*** Opening of RECORD EXTRACTS ***

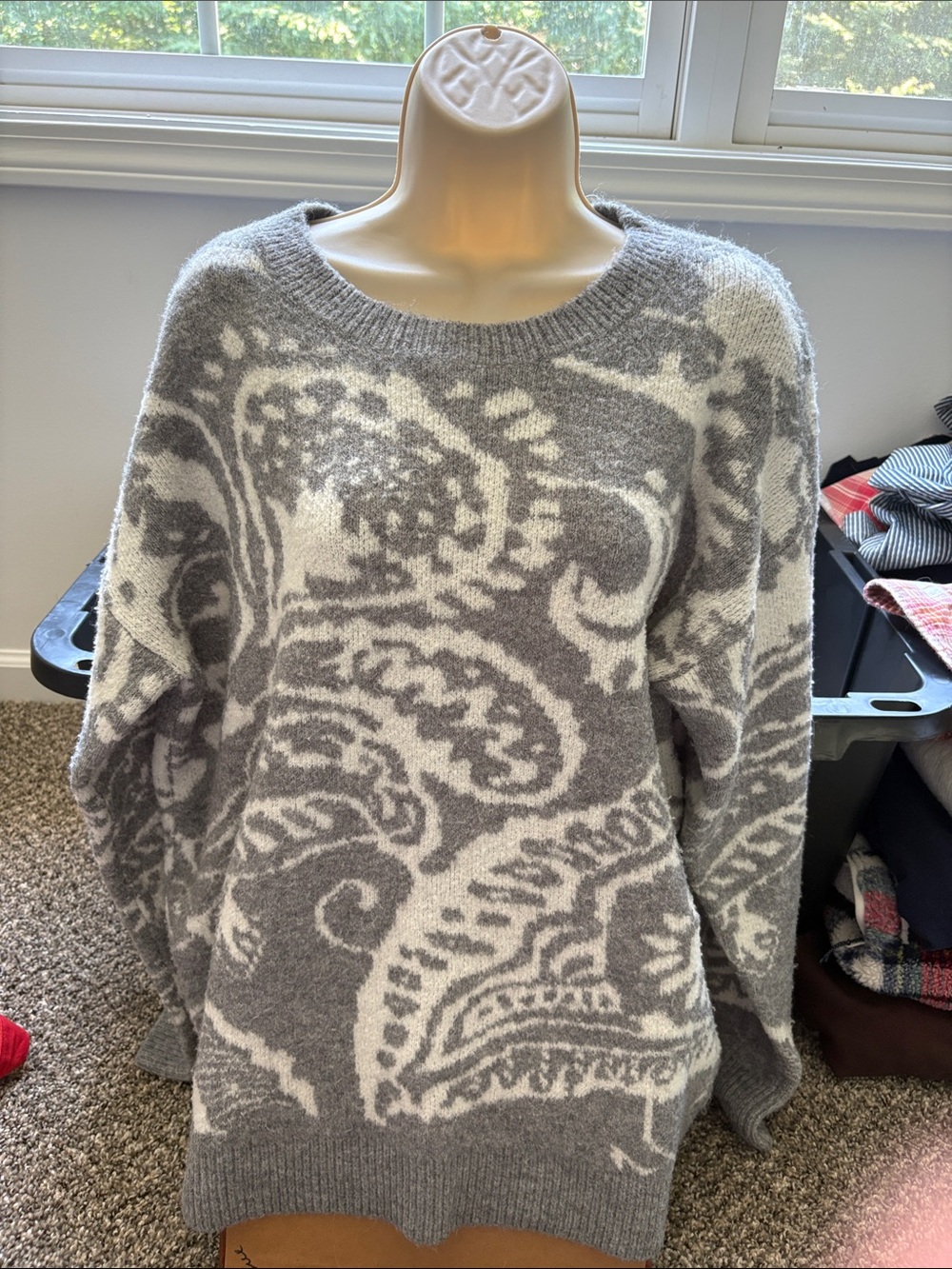 entro Gray and Cream Paisley Crewneck Sweater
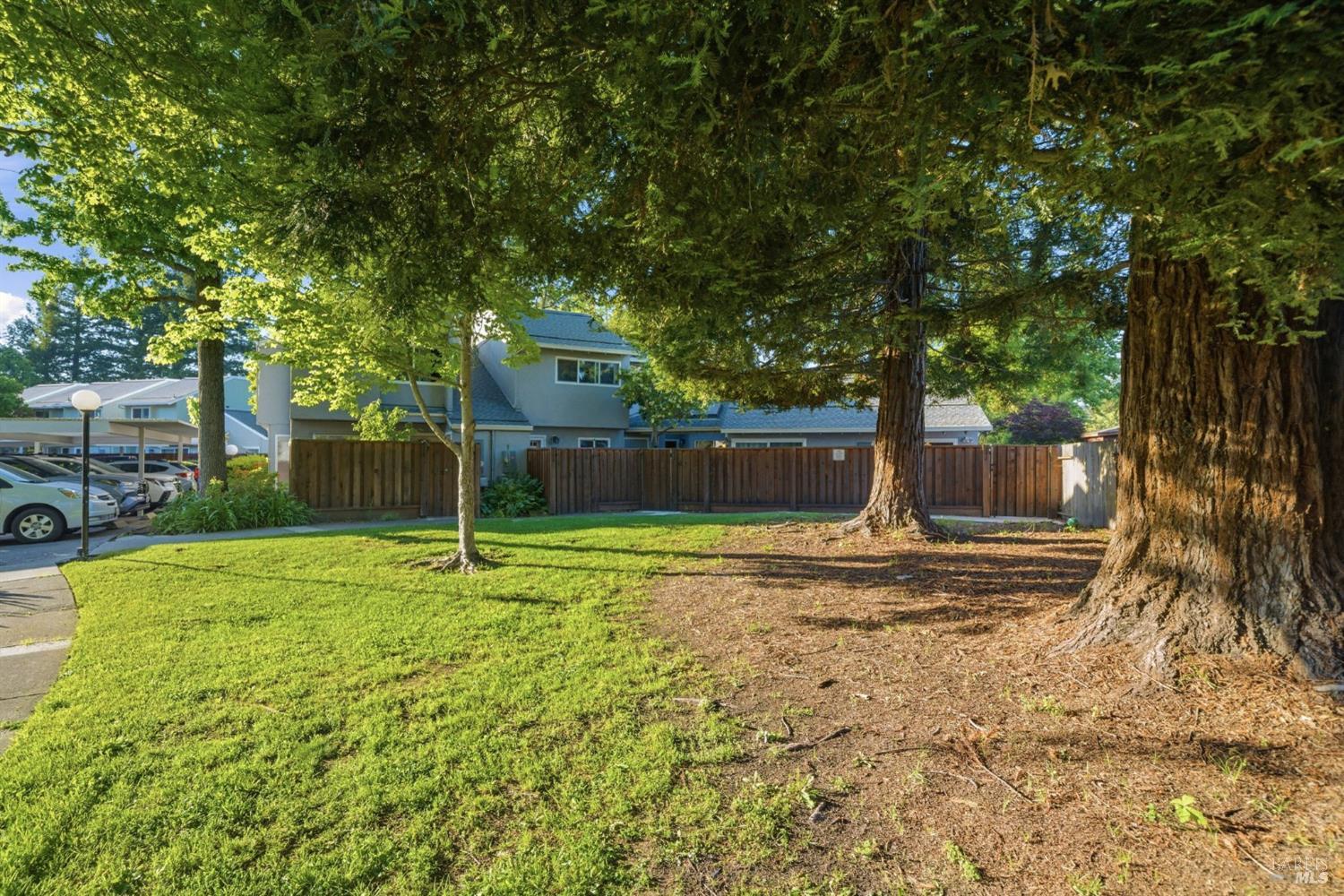 514 Racquet Club Circle Rohnert Park, CA 94928 - Photo 37 of 39 a backyard of a house with table and chairs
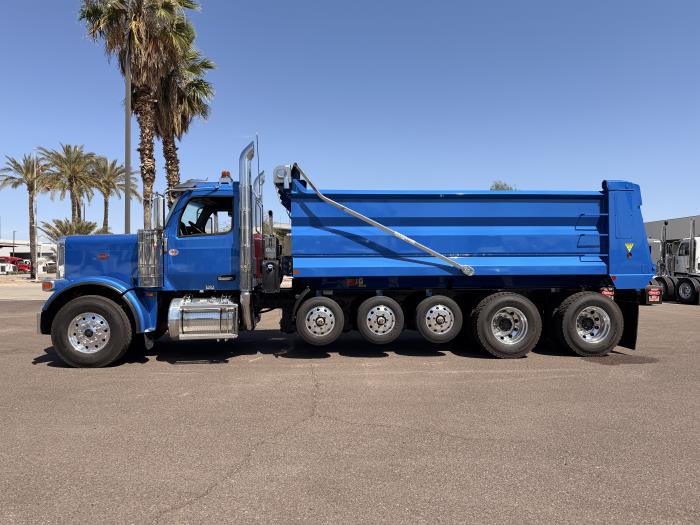 2027 Peterbilt 589-2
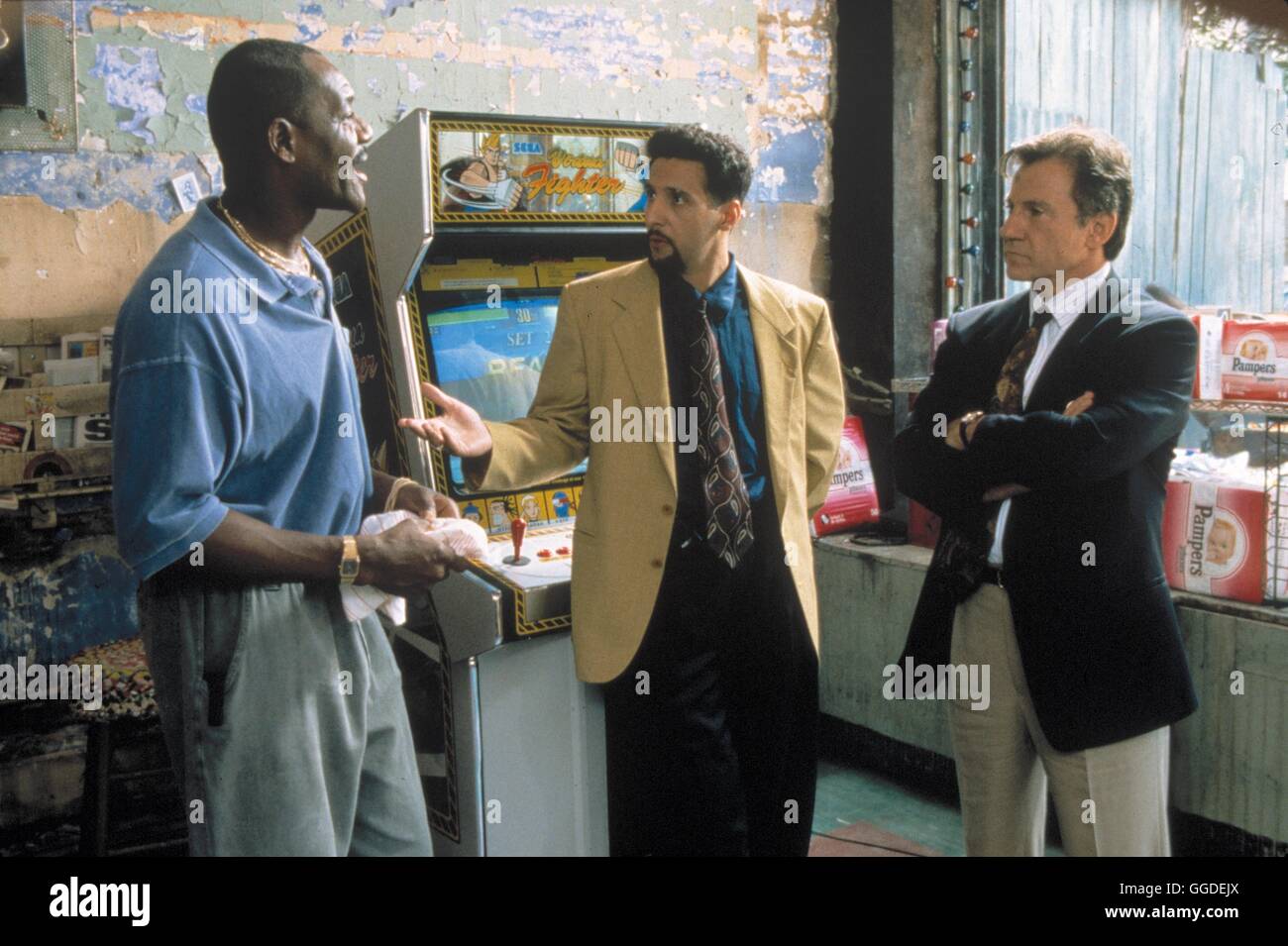 CLOCKERS / Clockers USA 1995 / Spike Lee Filmszene mit DELROY LINDO als Rodney Little, JOHN TURTURRO als Detective Larry (Mitte), HARVEY KEITEL als Detective Rocco Klein (rechts) Regie: Spike Lee aka. Clockers Stock Photo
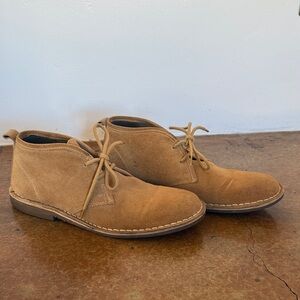 Men's Tan Suede Chukka Boots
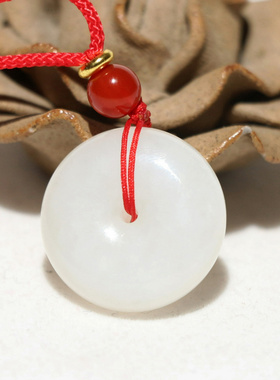 油润9.64克羊脂白玉平安扣挂件吊坠新疆和田玉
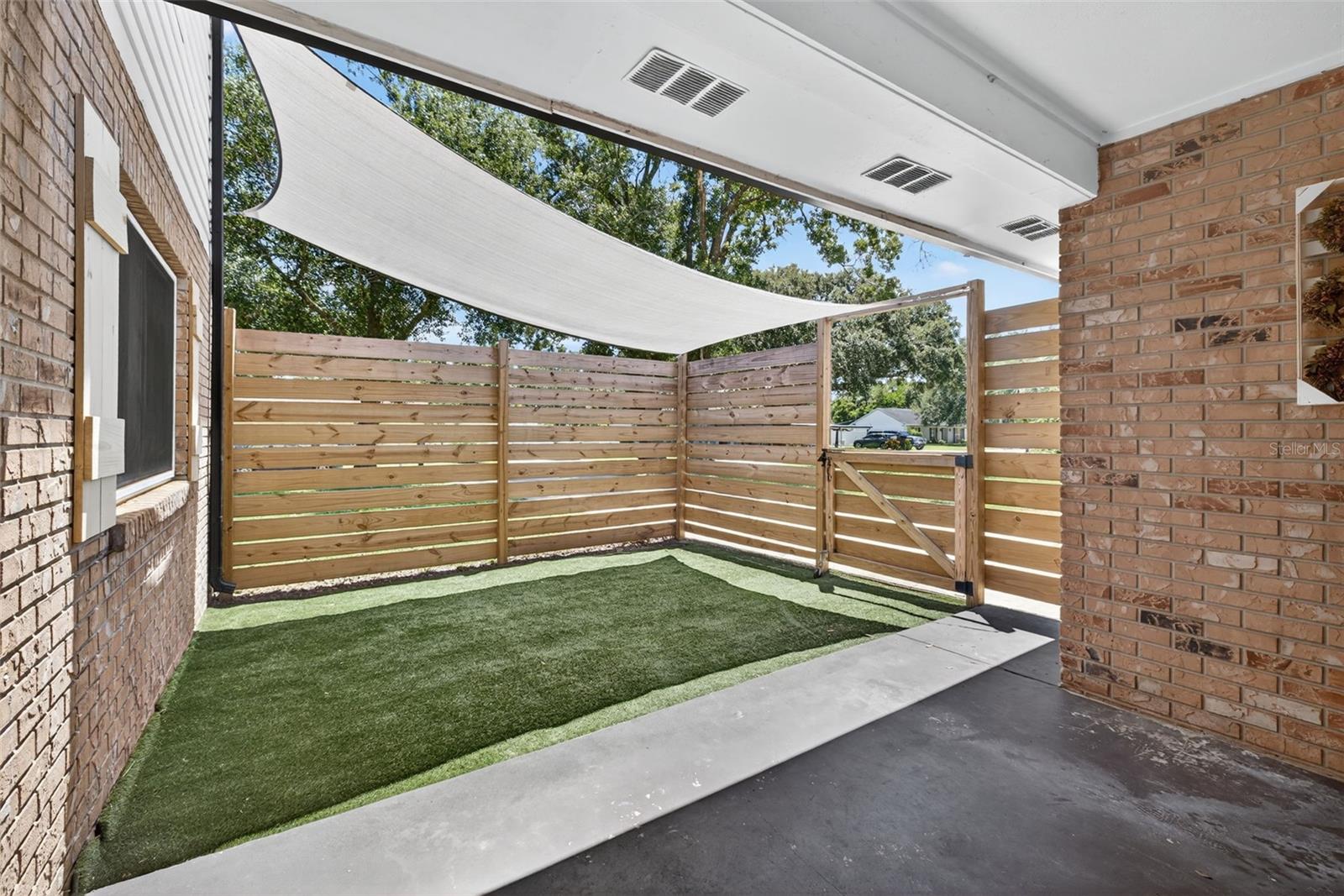 Image 4 of 56 For 2806 Springdell Circle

*** Close of RECORD EXTRACTS ***

*TO DO:*
Print out every entry above without changing a word, and leave out the pictures.

*SOLUTION BELOW:*
 entro Gray and Cream Paisley Crewneck Sweater
 514 Racquet Club Circle Rohnert Park, CA 94928 - Photo 37 of 39 a backyard of a house with table and chairs
 2027 Peterbilt 589-2
 CLOCKERS / Clockers USA 1995 / Spike Lee Filmszene mit DELROY LINDO als Rodney Little, JOHN TURTURRO als Detective Larry (Mitte), HARVEY KEITEL als Detective Rocco Klein (rechts) Regie: Spike Lee aka. Clockers Stock Photo
 Men's Tan Suede Chukka Boots
 油润9.64克羊脂白玉平安扣挂件吊坠新疆和田玉
 Image 4 of 56 For 2806 Springdell Circle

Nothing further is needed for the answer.